Problem to solve: The output must be exactly the lines from the "DIOR Top Handle" line through the end of the listing below, with no picture included.

Dataset section:
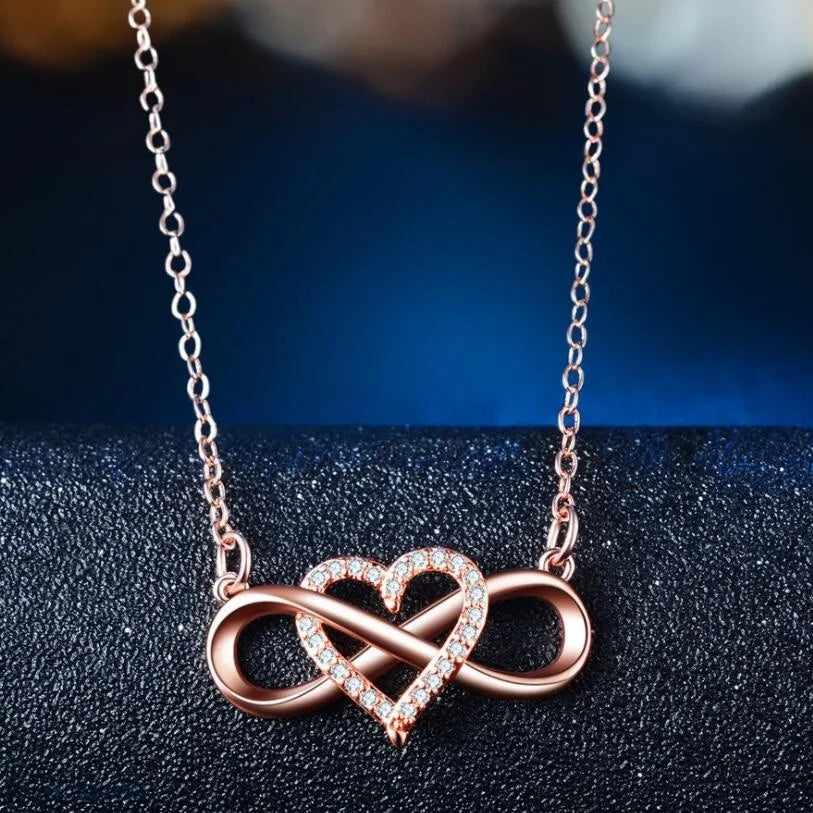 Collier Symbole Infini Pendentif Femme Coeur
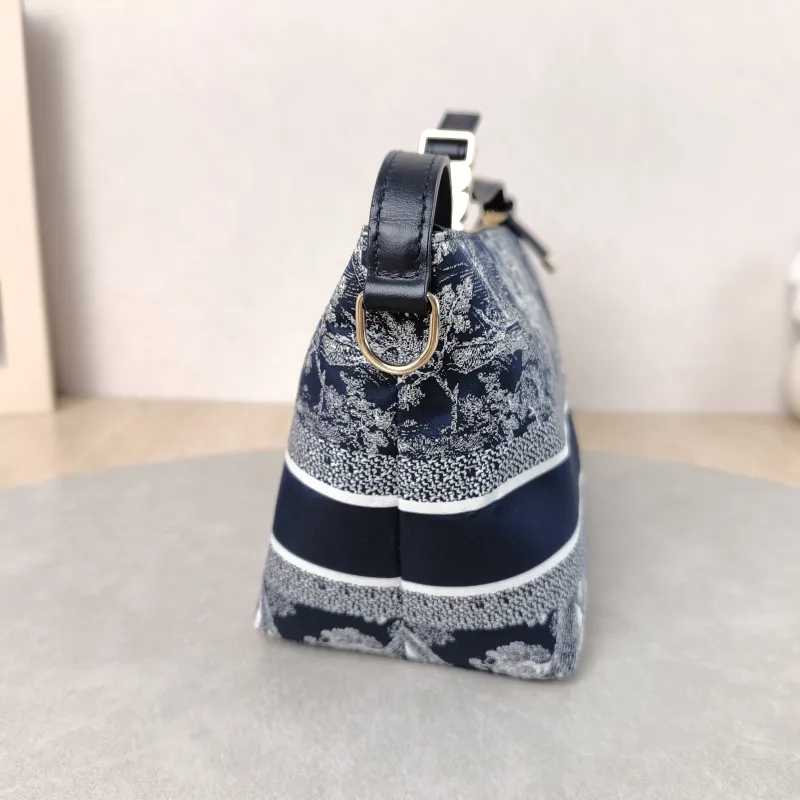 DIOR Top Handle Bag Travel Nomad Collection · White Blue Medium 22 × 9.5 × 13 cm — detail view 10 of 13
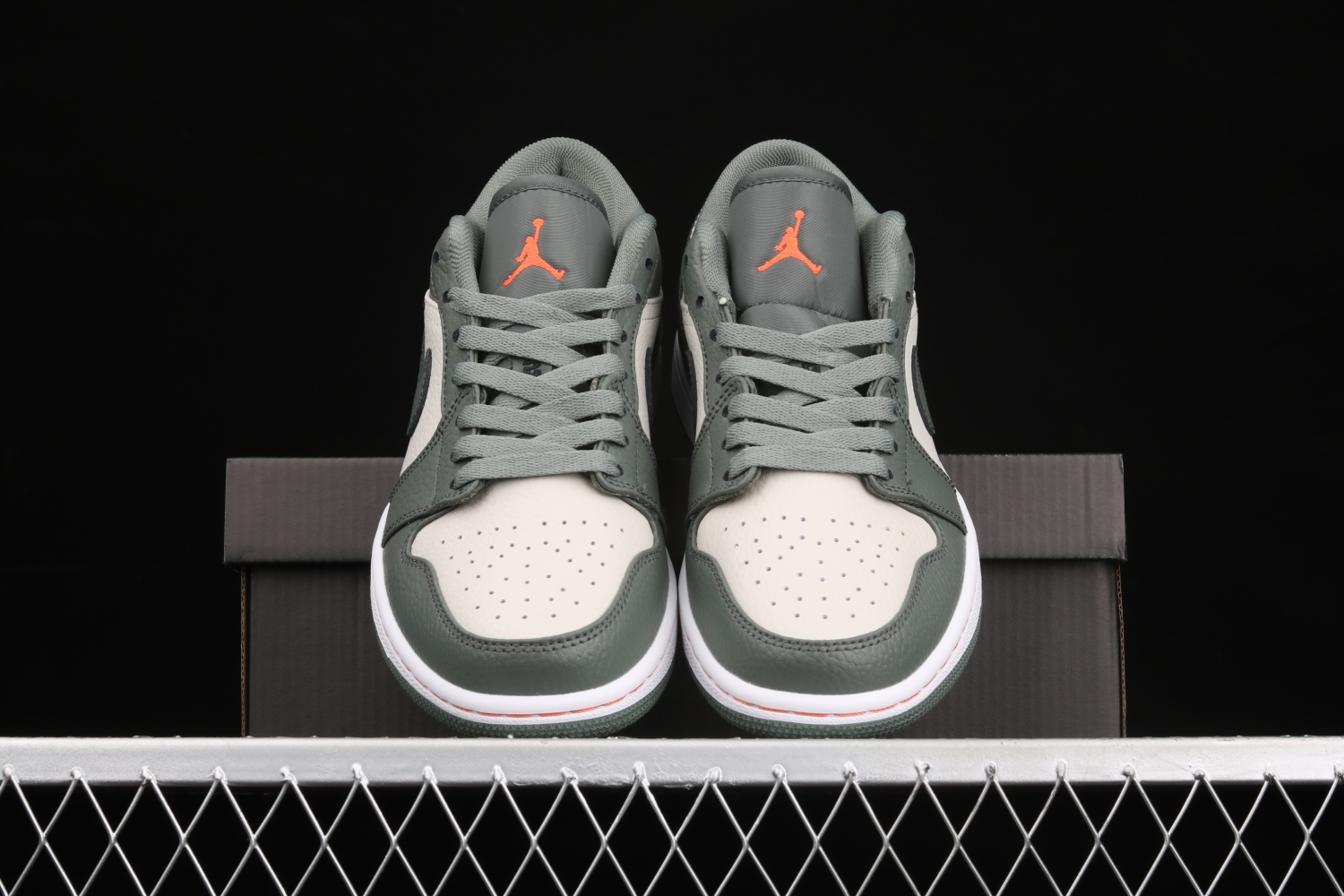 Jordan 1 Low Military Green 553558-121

Expected output:
 DIOR Top Handle Bag Travel Nomad Collection · White Blue Medium 22 × 9.5 × 13 cm — detail view 10 of 13
 Jordan 1 Low Military Green 553558-121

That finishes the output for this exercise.